Facilities Master Plan Defines the Campus of the Future
A new library is the centerpiece of a finalized Facilities Master Plan (FMP) that presents a comprehensive vision for the future of facilities at Governors State University. In development since 2019, the 200-page plan represents extensive input from campus constituencies and a thoughtful response to achieving the University’s mission, vision and strategic goals.
“The University didn’t have a current master plan—the previous plan was 13 years old,” said John Potempa, Associate Vice President, Facilities Development and Management. “A new master plan was long overdue.”

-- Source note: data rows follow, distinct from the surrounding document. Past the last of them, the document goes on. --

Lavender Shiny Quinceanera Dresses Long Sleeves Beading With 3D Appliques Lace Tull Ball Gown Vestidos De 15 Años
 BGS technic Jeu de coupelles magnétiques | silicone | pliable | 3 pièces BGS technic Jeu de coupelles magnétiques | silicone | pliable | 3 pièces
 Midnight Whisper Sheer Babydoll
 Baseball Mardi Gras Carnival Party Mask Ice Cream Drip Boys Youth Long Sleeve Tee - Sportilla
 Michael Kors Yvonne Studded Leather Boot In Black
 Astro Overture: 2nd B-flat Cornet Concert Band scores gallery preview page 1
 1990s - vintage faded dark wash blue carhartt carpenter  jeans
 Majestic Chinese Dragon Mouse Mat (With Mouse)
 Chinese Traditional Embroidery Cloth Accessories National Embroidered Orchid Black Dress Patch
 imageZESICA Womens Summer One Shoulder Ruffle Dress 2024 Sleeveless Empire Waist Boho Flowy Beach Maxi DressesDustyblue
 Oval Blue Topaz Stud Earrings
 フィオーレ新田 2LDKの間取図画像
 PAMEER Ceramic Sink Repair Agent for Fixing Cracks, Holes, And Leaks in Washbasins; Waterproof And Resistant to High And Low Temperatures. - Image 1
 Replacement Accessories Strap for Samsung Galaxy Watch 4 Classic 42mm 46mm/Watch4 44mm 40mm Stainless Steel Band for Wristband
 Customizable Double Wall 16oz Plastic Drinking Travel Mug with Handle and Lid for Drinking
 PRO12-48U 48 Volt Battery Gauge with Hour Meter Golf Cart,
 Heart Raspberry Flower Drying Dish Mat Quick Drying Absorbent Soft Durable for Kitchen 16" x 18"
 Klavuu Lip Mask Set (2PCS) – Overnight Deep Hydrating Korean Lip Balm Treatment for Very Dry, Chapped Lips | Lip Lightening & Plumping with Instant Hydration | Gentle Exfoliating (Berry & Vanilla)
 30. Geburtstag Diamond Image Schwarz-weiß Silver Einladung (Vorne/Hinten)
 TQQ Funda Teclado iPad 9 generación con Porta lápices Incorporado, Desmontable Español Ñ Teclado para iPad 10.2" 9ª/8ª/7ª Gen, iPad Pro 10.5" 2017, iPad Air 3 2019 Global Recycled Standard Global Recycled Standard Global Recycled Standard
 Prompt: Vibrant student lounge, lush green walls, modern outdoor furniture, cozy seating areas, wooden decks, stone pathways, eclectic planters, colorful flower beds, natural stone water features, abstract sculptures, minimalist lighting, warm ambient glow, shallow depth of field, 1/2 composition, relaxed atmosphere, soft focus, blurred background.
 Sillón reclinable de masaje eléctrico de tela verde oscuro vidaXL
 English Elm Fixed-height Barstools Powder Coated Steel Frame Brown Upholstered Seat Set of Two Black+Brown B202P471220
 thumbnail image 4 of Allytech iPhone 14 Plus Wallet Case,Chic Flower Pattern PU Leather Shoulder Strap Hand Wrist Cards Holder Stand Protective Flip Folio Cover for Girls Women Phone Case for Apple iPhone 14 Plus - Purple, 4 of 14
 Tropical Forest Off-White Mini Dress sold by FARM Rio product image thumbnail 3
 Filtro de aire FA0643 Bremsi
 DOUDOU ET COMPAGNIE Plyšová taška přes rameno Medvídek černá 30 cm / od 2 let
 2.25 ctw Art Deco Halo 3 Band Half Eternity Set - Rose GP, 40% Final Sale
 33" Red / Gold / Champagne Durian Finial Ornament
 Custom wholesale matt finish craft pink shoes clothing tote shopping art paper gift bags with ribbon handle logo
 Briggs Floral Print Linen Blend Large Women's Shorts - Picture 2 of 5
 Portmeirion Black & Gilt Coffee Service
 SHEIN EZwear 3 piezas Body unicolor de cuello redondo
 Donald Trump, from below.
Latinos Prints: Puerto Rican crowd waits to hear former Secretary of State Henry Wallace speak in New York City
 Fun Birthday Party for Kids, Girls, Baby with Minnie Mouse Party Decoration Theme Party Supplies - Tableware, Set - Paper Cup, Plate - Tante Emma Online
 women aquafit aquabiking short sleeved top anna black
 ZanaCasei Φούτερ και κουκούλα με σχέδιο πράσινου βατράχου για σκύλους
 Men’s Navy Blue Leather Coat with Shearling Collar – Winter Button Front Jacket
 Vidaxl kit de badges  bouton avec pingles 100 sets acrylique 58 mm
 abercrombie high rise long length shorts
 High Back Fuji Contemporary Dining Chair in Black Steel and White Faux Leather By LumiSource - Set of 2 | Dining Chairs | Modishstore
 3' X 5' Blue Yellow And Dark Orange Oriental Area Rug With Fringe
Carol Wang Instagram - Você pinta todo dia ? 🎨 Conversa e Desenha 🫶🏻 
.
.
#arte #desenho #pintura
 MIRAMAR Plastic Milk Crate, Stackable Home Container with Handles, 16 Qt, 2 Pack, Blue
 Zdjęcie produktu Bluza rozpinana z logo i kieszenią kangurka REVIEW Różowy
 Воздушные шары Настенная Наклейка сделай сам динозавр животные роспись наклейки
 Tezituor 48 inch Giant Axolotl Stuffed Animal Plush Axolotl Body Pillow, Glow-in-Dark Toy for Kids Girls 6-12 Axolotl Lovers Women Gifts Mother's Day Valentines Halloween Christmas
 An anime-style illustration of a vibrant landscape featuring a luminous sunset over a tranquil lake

Importantly, the final plan anticipates how the physical campus would ideally evolve to address the long-term needs of students, faculty and staff—including academics, student life, performing arts and athletics. The document, chockfull of graphs and colorful renderings, will serve as a guide for future investments, protection and utilization of land, and facilities resources. The plan encompasses new buildings, upgrades and expansion of existing facilities and infrastructure support like parking.
“It’s the perfect timing for the FMP, which works alongside the academic planning process,” said Potempa. “And every project links up to a core value of Strategy 2025.
“The FMP will facilitate our growth of 10 percent over next 10 years. We know that the University will require additional facilities and improvements to its existing physical resources to achieve its mission, vision and strategic plan goals. We wanted to provide a rational and orderly plan to address existing concerns, provide for current needs, and accommodate future needs.”
These needs were prioritized by Cabinet members, who served as the steering committee for the project. Construction of a new library is integral to the success of the entire plan. “If we’re able to vacate the library space, that’s the key to developing everything else on campus,” said Potempa.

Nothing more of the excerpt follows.